東芝メモリホールディングスの2019年1-3月期連結決算で営業損益が284億円の赤字となっていました。

( https://newswitch.jp/p/17642 )

 

 

去年に東芝東芝メモリの売却を決めたとき「金の卵を外資に売ってしまった」とさんざんバカにされていたと記憶しています。僕は、それが金の卵だと確信できるならなぜ日本人が金を出さないのか、外資に売ったのは直接的には東芝だけど、日本の資産として(もし残すべきだったなら)残せなかったのは日本全体の問題だぞと思っていました。その前の四半期(2018年10-12月期)は540億円の黒字だったとのことなので割と金の成る木というのは正しい表現だったかもしれませんが、もう既に赤字ということなのであればそれは単純に金の成る木というわけでもなく。

 

これを解釈するなら、NAND型フラッシュメモリというのは、市況の良いときには莫大な利益をもたらすけど悪いときにはやっぱり大きな赤字を垂れ流してしまうというような性質を持っているものだと思いますし、そのようなリスク資産を、赤字を垂れ流し続けることが続いたとしても、維持して将来に期待するというようなことができる余裕が、今の日本にはなくなってきているのだろうなということでした。

 

 

ここまでの1年間を短期的にみると、東芝はわりと最高のタイミングでメモリ事業を売り払った、ということになります。売却を決めた当時の東芝をバカにしていた人たちが今どのように思っているのかはとても知りたいですが、そういう人たちはきっと、黒字のときは売らないのが正解で、いまのように赤字になったときには売れ売れというのだと想像してしまいます。
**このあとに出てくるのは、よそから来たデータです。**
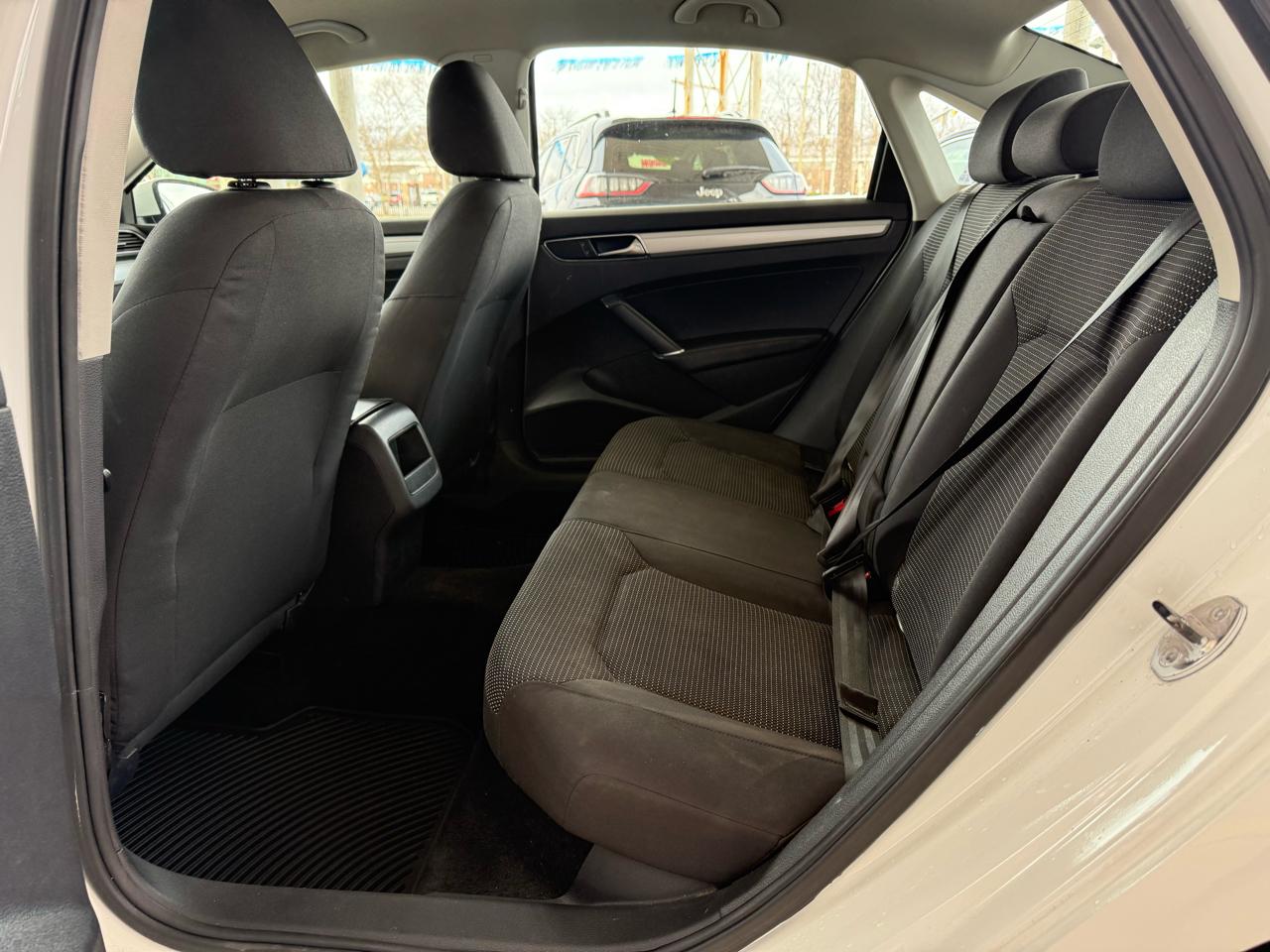 Volkswagen Passat 1.8T S Auto 2017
だが、半導体の分社化・売却に対する疑問の声が強まってきた。

「売れない事業を売るのが経営再建の鉄則です。儲かるビジネスを次々と手放しては、本体の再建に支障を来します。東芝は、売れるものから売るという『その場しのぎ』に陥っています。これではダメです」(経済評論家の杉村富生氏)
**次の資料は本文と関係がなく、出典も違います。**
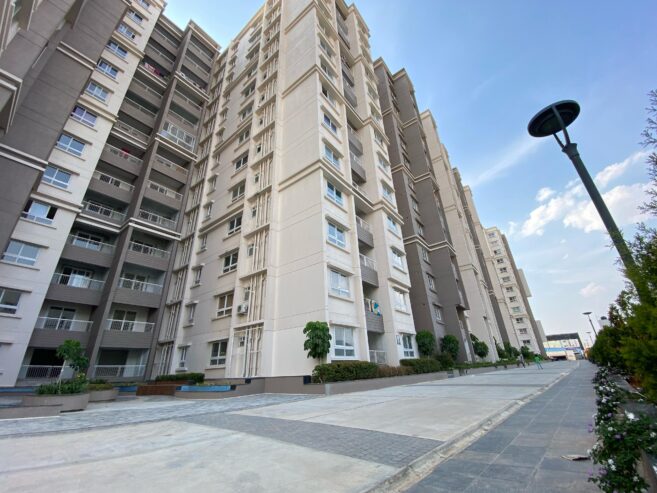 Ready-to-Move Luxury Flats 2 & 3BHK For Sale in SKygrand Kalkere Agara Main Road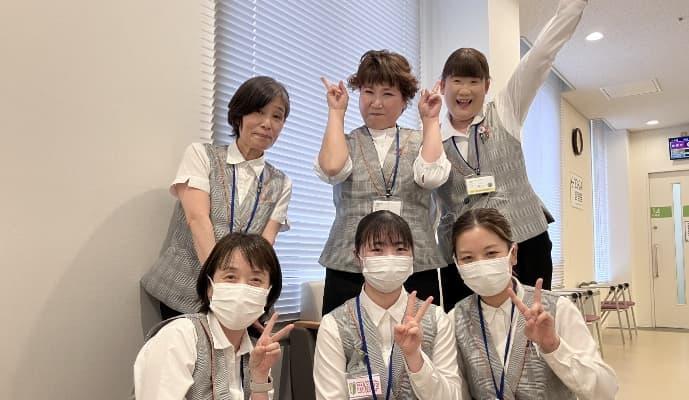 スタッフ一同はつらつと働いています♪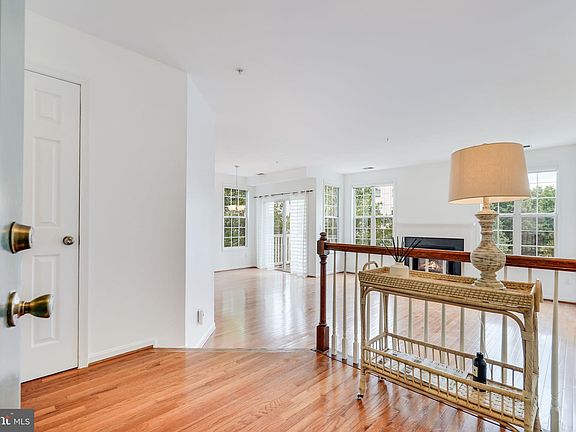 2nd image of 4657 Longstreet Ln APT 201
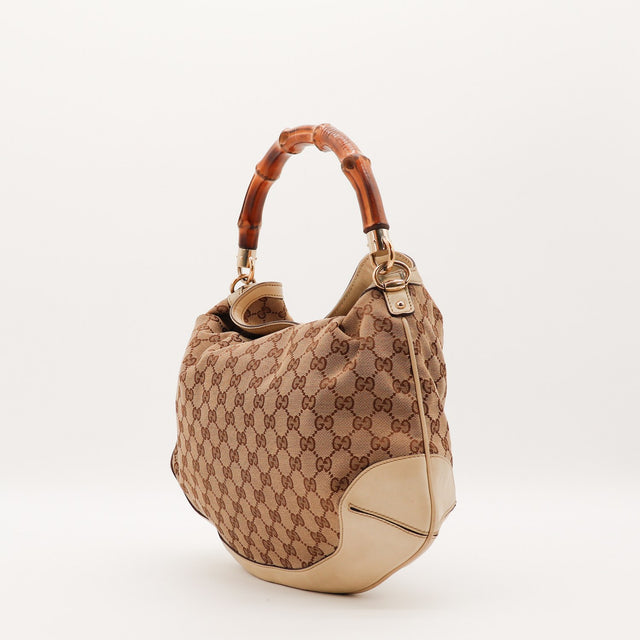 Sac Gucci Hobo Bambou vue de trois quarts cuir ivoire occasion authentique — AMANA Vintage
https://www.nikkan-gendai.com/articles/view/news/204239

もし今東芝がまだメモリ事業を売却できていなかったら、「早く売らないとダメだ」と言われているだろうなと。そういう光景が目に浮かんでしまうのです。でも現時点では、そんなことを言いそうな経済評論家たちよりも、去年売却した東芝の経営陣のほうが圧倒的に賢明な判断をしたということになると思います。